なお、この成果は、横浜市で開催された国際ガラス会議「ICG Annual Meeting 2018」(会期:9月23日~26日)で発表された。
■成果のポイント
・多孔質層を持つガラス(HNLガラス)の表面に、直接PEDOTを成膜することで新たな有機透明導電材料を開発した。
・従来、ガラスとPEDOTの付着性を高めるために用いていた絶縁性のある助剤(PSS)が不要となり、導電性が約4倍に向上した(同じ光透過率で比較)。
・現在、タッチパネルやテレビ画面の電極材料として主流の、高価で複雑な生成過程が必要なITOに代替できる材料として実用化を目指す。
■概要
タッチパネルやテレビ画面などに利用できる代表的な導電性プラスチックPEDOTは、透明なガラス表面などに塗布して電極として利用する研究が進められている。これまでガラスと剥がれやすいPEDOTとの接合強度を高めるため、別の有機材料であるPSSが助剤として混ぜられてきました。ところがPSSは絶縁性のため、電極の導電性を下げる原因となっていた(図1)。そこで、独自開発している多孔質層を持つガラス(HNLガラス)を用いることで、PSSを使わずにPEDOTとガラスを強固に結合させた有機透明導電材料を開発した(図2)。電極材料として主流である、高価な酸化インジウムすず(ITO)に代替できる材料として実用化を目指す。

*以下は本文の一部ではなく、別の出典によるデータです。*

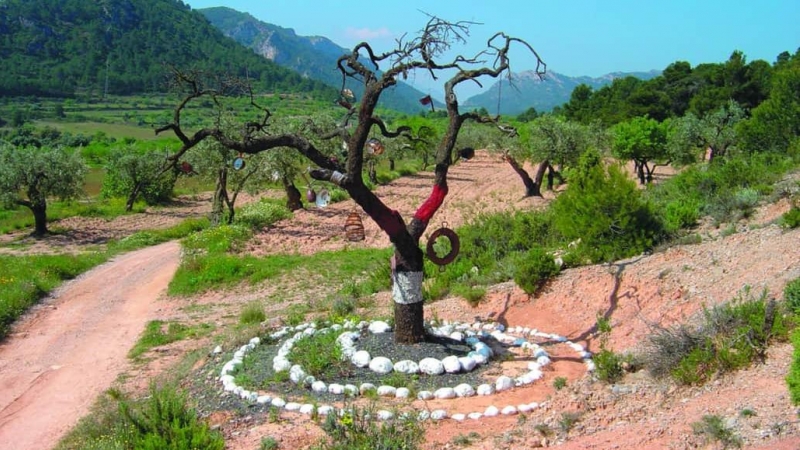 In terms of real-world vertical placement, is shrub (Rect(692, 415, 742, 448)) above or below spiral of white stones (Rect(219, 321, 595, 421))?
above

現在、スマートフォンや液晶テレビ、有機ELテレビなどのガラス基板には、画像を制御する電極として無機材料のITOが広く使われている。しかし、構成元素のインジウムは希少金属(レアメタル)で、将来的な調達や価格面に改善の余地があります。さらにITOの成膜には真空装置が必要なため、製造コストを高めている。一方、有機材料は一般に安価な原料から容易に化学合成できる上、無機材料に比べて屈曲性が高いため、タッチパネルなどに用いた時に衝撃に強く、製品形状の自由度も高くなる。また、PEDOTの成膜は常温で、真空装置も不要です(通常の圧力環境で成膜可能)。しかし、これまでのPEDOTの導電性は、同程度の光透過率を持つITOに比べて一般的に1~2桁低いものあった。
今回、多孔質層を持つガラス(HNLガラス)を用いてPSSを不要にすることで、導電性を従来のものに比べて約4倍に向上させました(同じ光透過率で比較した場合)。今後、成膜技術の改良で導電性をITO並みに高めていく。

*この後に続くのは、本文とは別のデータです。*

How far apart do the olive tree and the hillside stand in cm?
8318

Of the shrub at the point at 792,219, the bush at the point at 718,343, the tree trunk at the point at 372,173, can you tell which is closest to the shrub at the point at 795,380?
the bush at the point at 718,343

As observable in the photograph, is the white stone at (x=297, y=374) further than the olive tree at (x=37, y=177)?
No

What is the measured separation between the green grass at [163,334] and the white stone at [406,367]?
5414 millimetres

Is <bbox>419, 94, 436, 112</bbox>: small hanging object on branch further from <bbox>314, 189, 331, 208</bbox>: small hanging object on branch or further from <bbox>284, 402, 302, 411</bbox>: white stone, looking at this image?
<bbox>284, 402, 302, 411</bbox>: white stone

※1 HNLガラス:Hierarchically Nano-porous Layerの略称。
2014年に独自開発し、超親水性、防曇(ぼうどん)性・防汚性、低反射性といった特性を持つ
※2 PEDOT:Poly(3,4-EthyleneDiOxyThiophene)の略称。導電性高分子の一種で、透明性、安定性に優れ、広く使用されている。